Пока ждали лифтовую кабину, я думала о том, что здесь ничем не пахнет. Ни кошками, ни запахами съестного, ни прокисшим пивом. Ничем, кроме бетона. Как будто здание нежилое.
И единственным источником света, который нас в этот момент освещал – какое громкое слово для тусклого красного глаза, – была кнопка лифта.
Он здесь не жил тоже ‒ так мне показалось. Квартира на десятом этаже – высоко, ‒ но нежилая. Мебели почти нет, голые стены. Казалось, отсюда все вынесли, чтобы начать ремонт, но так ничего и не начали. Стены, впрочем, были новыми, ровными, полы тоже.
Мы остановились в гулком холле – эти апартаменты были больше и превосходили мои по площади как минимум вдвое.
А после я услышала то, чего не ожидала услышать от него никогда.
‒ Раздевайся.
И это слово почему-то поразило меня, оглушило. Не может быть. Он никогда не осквернял нашу «дружбу» действиями с сексуальным подтекстом. Ни разу. Кажется, ему вообще претили близкие отношения с кем-либо, интим в целом. Может быть, я ошибалась?
И вдруг поняла, что я не хочу.
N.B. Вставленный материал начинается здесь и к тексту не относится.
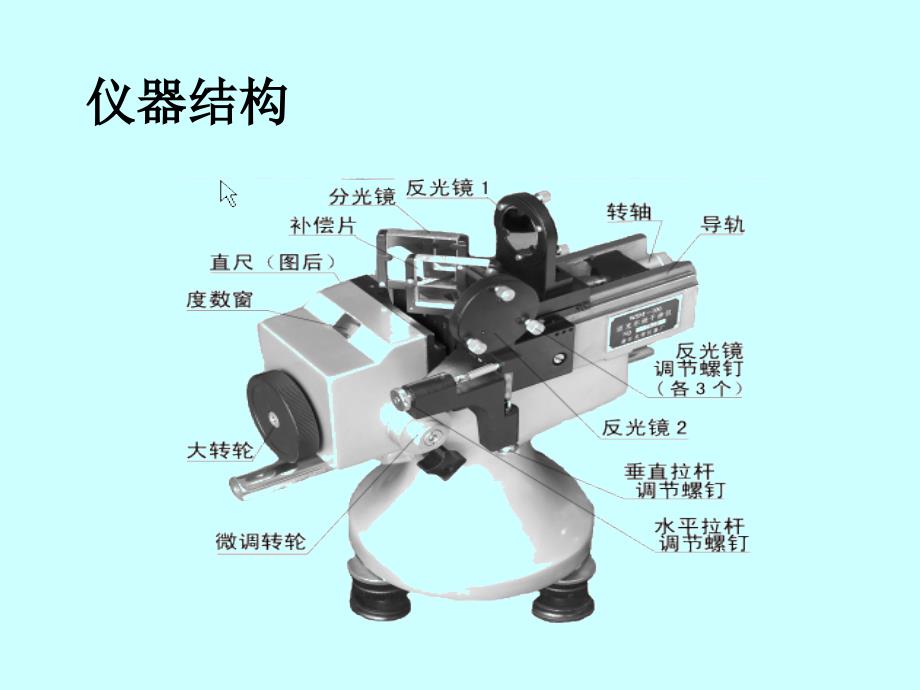 迈克尔逊干涉仪的调整与使用_第4页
Не хочу перед ним раздеваться, не хочу проходить еще через это – через странную плату за непонятную «помощь». Просто не хочу контакта через силу, чем бы и кем бы он ни был мотивирован.
‒ Давай… не будем.
Я мямлила. Он словно дал мне под дых тем изумлением, смешанным с унижением, которое я испытала. Зиг и Сулли ‒ будь они прокляты ‒ издевались надо мной, как умели, но они никогда не принуждали меня к сексу. Ни под кого не подкладывали без нужды и ради удовольствия. Просили иногда флиртовать, пудрить мозги, заводить «клиентов» в нужные помещения с помощью обещаний секса. Но не более.
‒ Повторить?
С ним невозможно было спорить. И стало опять страшно.
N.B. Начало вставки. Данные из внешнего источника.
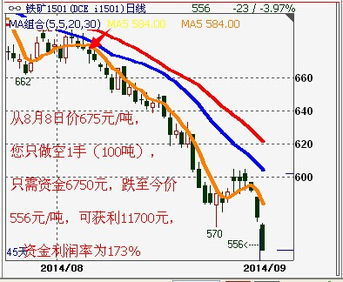 新手期货交易攻略，实现稳健盈利的六大策略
Совершенно не зная, что делаю и зачем, я принялась снимать одну вещь за другой. Не эротично и не романтично, трясущимися руками. Смотрела вниз, поджав губы, ‒ нет, не стеснялась себя, я давно отвыкла себя стесняться, просто не желала, чтобы меня видели голую, чтобы на меня смотрели. Сняла блузку, спустила штаны, перешагнула их. Спросила:
‒ И лифчик?
Глупый вопрос. Как попытка пациента оттянуть время, прежде чем ложиться на операционный стол.
‒ Да.
Я расстегнула застежку, бюстгальтер упал к ногам. Остались лишь плавки, про них я спрашивать не стала. Сам скажет, если будет нужно.
Охотник – здоровый мужик, выше меня минимум на голову, ‒ подошел близко. Какое-то время смотрел на мою опущенную голову, потом взял руками за плечи. Развернул на сто восемьдесят градусов. И стянул тряпку с высокого зеркала, которое я не заметила раньше.
‒ Смотри.
Я сначала не поняла. Куда смотреть, зачем? Сам он уселся в одинокое кресло, стоящее по центру комнаты. Кресло дороже, удобнее, чем мое, раза в полтора шире. И теперь смотрел мне в спину.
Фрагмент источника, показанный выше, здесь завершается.